• [TASK STATEMENT]:
Reproduce the entries word for word but drop every picture.

• [Scraped caption text data]:
== Segment start ==
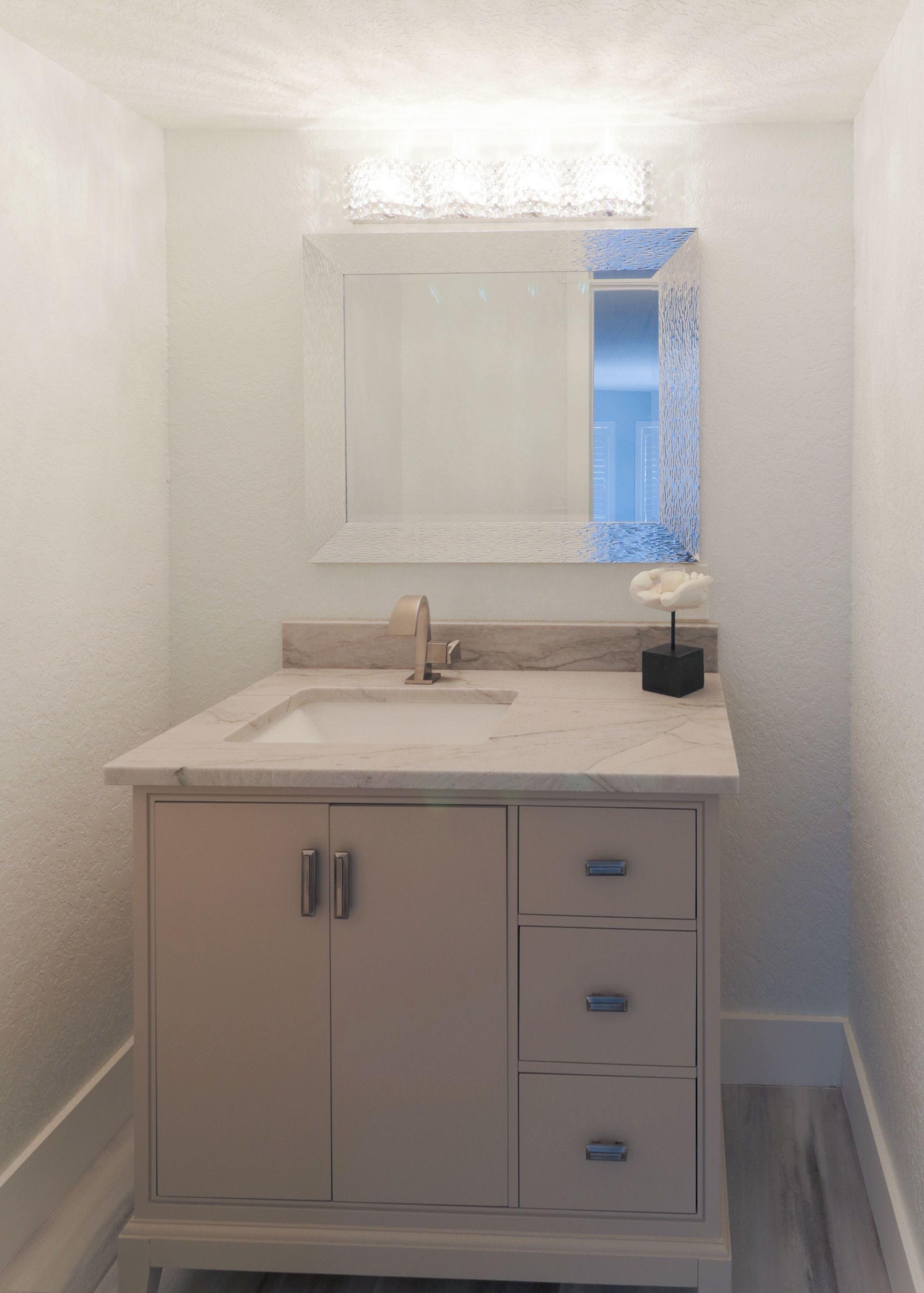 Bathroom countertop
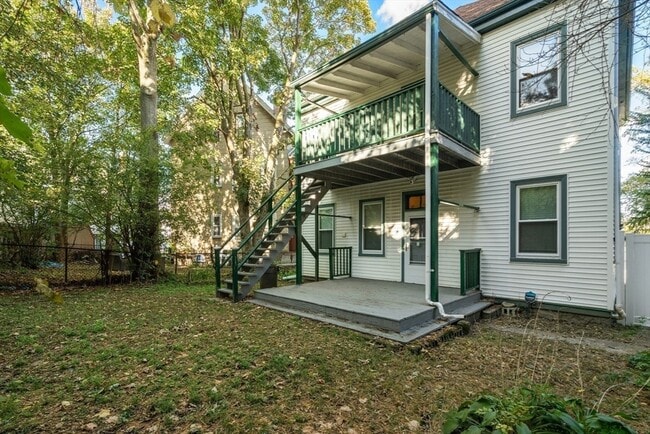 38 Juniper St, Unit 1 in Boston, MA - Building Photo - Building Photo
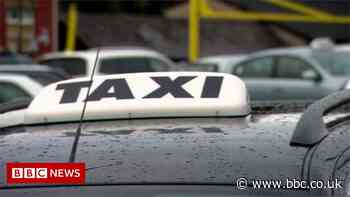 Covid: Blackpool taxi driver shortage blamed on pandemic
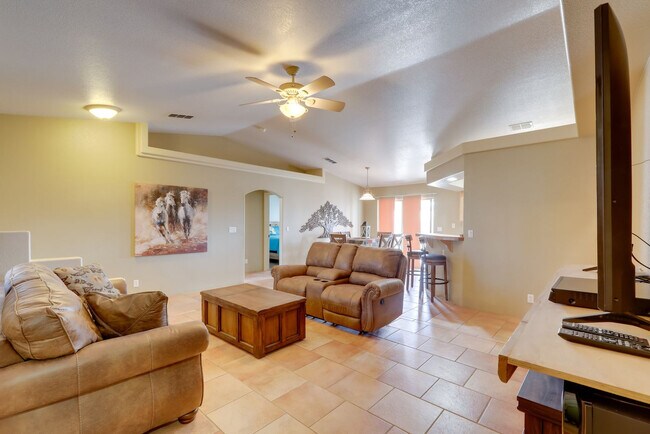 Foto del edificio - 2598 Rainbow Ave N
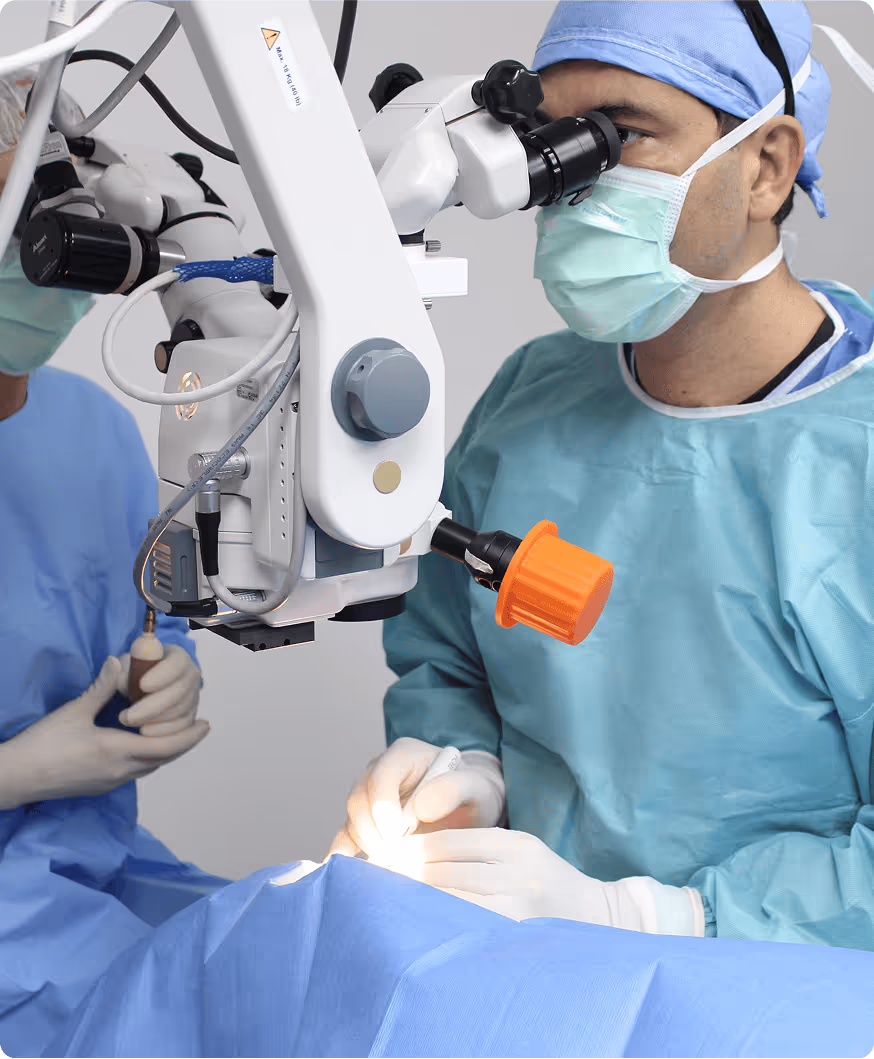 Dr. Ianchulev performing a procedure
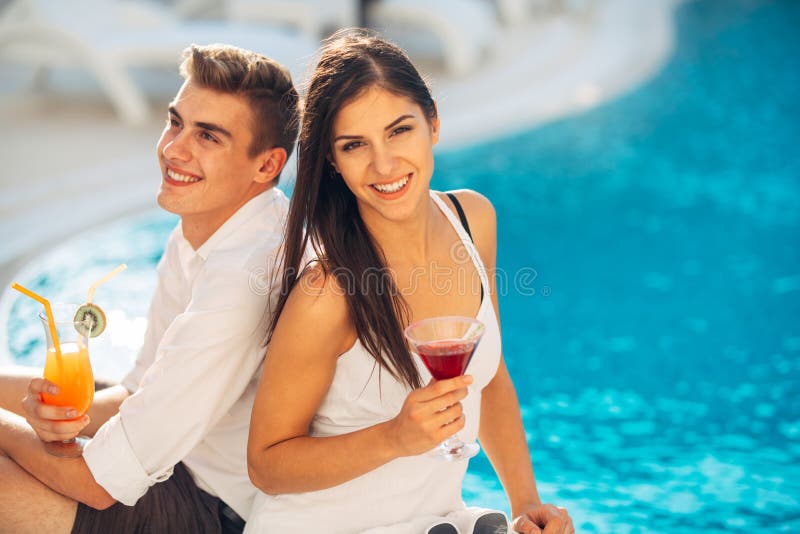 Liebevolle Paarausgabenferien auf tropischem ErholungsortSwimmingpool Jungvermähltenflitterwochen auf Küste lizenzfreies stockbild Liebevolle Paarausgabenferien auf tropischem ErholungsortSwimmingpool Jungvermähltenflitterwochen auf Küste lizenzfreies stockbild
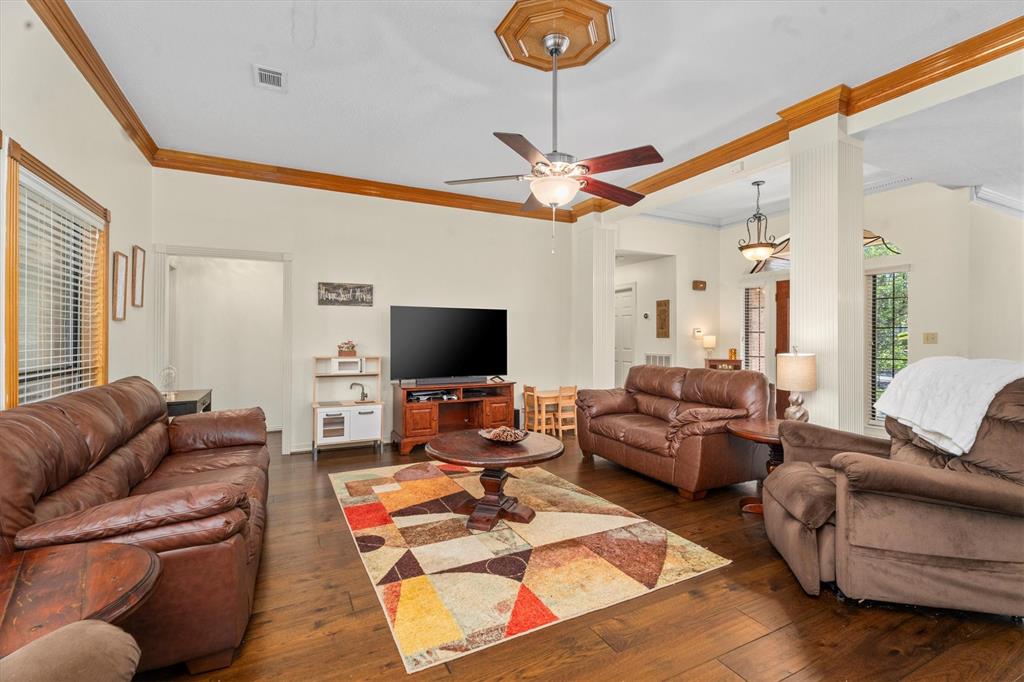 44 Westchester Drive, Conroe, Texas image 7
== Segment end ==
• [WRITTEN REPLY]:
 Bathroom countertop
 38 Juniper St, Unit 1 in Boston, MA - Building Photo - Building Photo
 Covid: Blackpool taxi driver shortage blamed on pandemic
 Foto del edificio - 2598 Rainbow Ave N
 Dr. Ianchulev performing a procedure
 Liebevolle Paarausgabenferien auf tropischem ErholungsortSwimmingpool Jungvermähltenflitterwochen auf Küste lizenzfreies stockbild Liebevolle Paarausgabenferien auf tropischem ErholungsortSwimmingpool Jungvermähltenflitterwochen auf Küste lizenzfreies stockbild
 44 Westchester Drive, Conroe, Texas image 7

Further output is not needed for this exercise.